Le case “infestate” di Hong Kong
Si chiamano hongza, sono migliaia e sono elencate in liste gestite da siti misteriosi: finirci dentro ne distrugge il valore, racconta CNN
Ad Hong Kong è un fenomeno molto conosciuto: se in una casa avviene una morte violenta, il suo valore commerciale può scendere fino al 30% o addirittura al 40%. Nella superstizione locale, la morte “contamina” la casa e la sfortuna può colpire chiunque ci si trasferisca. In cantonese si dice che la casa diventa hongza, una casa dove sono avvenute delle calamità. O più semplicemente, una casa infestata.
A seconda dell’episodio che vi è avvenuto, una morte naturale, un suicidio o un assassinio particolarmente macabro, la casa può diventare più o meno hongza e questo influisce direttamente sul prezzo. Si tratta di un fenomeno comune a molte culture: eventi particolarmente negativi, nella credenza popolare, contaminano i luoghi dove sono stati compiuti. Anche in Occidente una casa dove sia avvenuto un fatto di cronaca nera può essere difficile da vendere per un agente immobiliare, ma il fenomeno non ha nemmeno lontanamente la diffusione che ha ad Hong Kong, come racconta CNN.
Ad Hong Kong, la maledizione dell’hongza non resta confinata alla casa o all’appartamento dove è stato commesso il fatto: si diffonde, a volte colpendo tutto il vicinato. Esistono diversi siti che contengono interi elenchi di case hongza. Tutte le case e gli appartamenti inseriti in questi elenchi vedono precipitare il loro valore, anche perché gli abitanti di Hong Kong sono piuttosto attenti a verificarli prima di procedere a un acquisto.
Spesso però, quando la stampa pubblica la notizia di un suicidio o di un omicidio, non dà informazioni precise su dove è avvenuto. A volte viene indicato il piano, a volte soltanto l’indirizzo del palazzo. In quei casi tutto il piano, o addirittura tutto lo stabile, diventano hongza. Hong Kong ha una delle densità abitative più alte al mondo – 6.500 abitanti per chilometro quadrato, trenta volte quella italiana. Parecchi dei suoi palazzi e condomini sono enormi. Basta un suicidio avvenuto in un appartamento non specificato e può capitare che centinaia, migliaia di appartamenti vedano precipitare il loro valore in pochi giorni.
Questo rende il mercato di Hong Kong, che è uno dei più instabili (“volatili”, con termine tecnico) dell’Asia, un luogo ancora più pericoloso dove investire. La situazione è resa ancora più difficile dal fatto che la giurisprudenza locale ha incoraggiato questa superstizione: nel 2004 una decisione di un tribunale ha obbligato gli agenti immobiliari a tenere registri delle proprietà hongza e a informare i loro clienti della storia violenta che hanno avuto le case di cui stanno discutendo l’acquisto.

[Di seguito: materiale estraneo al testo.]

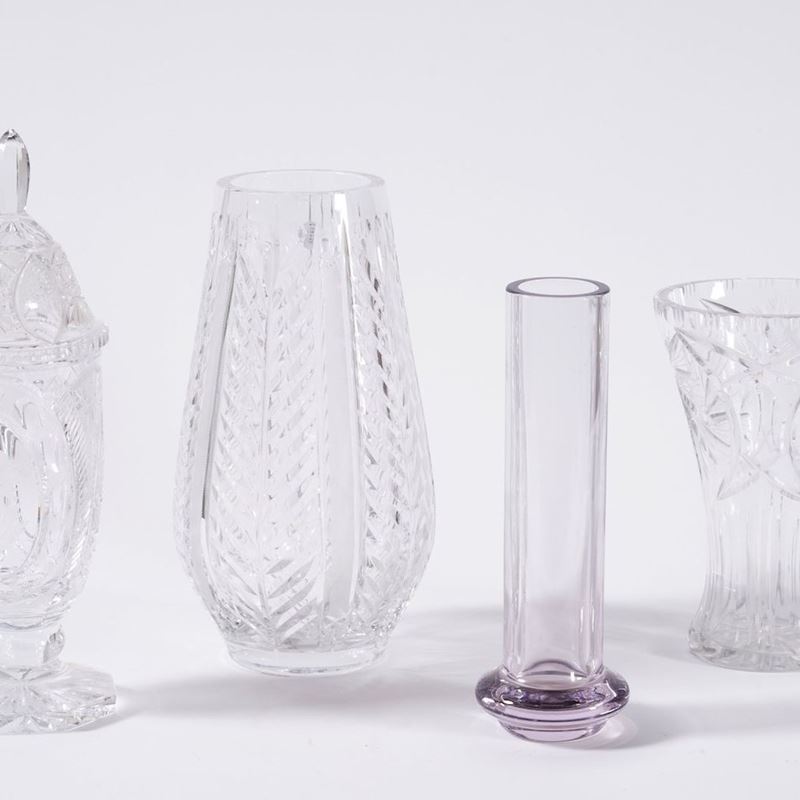 Lotto di 4 vasi in cristallo molato  - Auction Antique September - Cambi Casa d'Aste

La decisione arrivò in seguito a un caso in cui un acquirente denunciò un’importante agenzia immobiliare locale per non averlo avvertito che stava per acquistare una casa hongza. Il tribunale condannò l’agenzia a pagare circa 30 mila euro per aver fallito «nell’ottenere informazioni relative all’immobile».
Le agenzie immobiliari non possono tenere traccia di tutti i casi di cronaca, passati e presenti, e dei luoghi in cui sono avvenuti. Sono costrette ad appoggiarsi a database come Squarefoot e hk-compass.com, che vende l’accesso ai suoi database per poco più di 30 euro l’anno. Non si sa chi sia il proprietario né chi gestisca molti di questi siti. Non rispondono a nessuna autorità e a nessun regolamento: nessuno conosce sulla base di quali criteri un appartamento, o un intero palazzo, finiscono nella lista delle hongza.
Il numero delle hongza non è stimabile, ma in un solo sito sono registrate più di 3.500 proprietà ed è possibile che sommando tutti i database si arrivi a parecchie volte questa cifra. Nonostante questa fama sinistra, Hong Kong è uno dei luoghi con il più basso numero di omicidi l’anno al mondo: 0,2 ogni 100 mila abitanti nel 2011, un quinto del tasso italiano e un ventesimo di quello americano. Il tasso di suicidi, dopo un picco negli anni passati, è tornato alla media (più o meno in linea con quella mondiale) di 14 l’anno ogni 100 mila abitanti – più del doppio del tasso italiano, ma lontano dal record di 30 suicidi ogni 100 mila abitanti della Corea del Sud e di 22 ogni 100 mila abitanti della Cina continentale.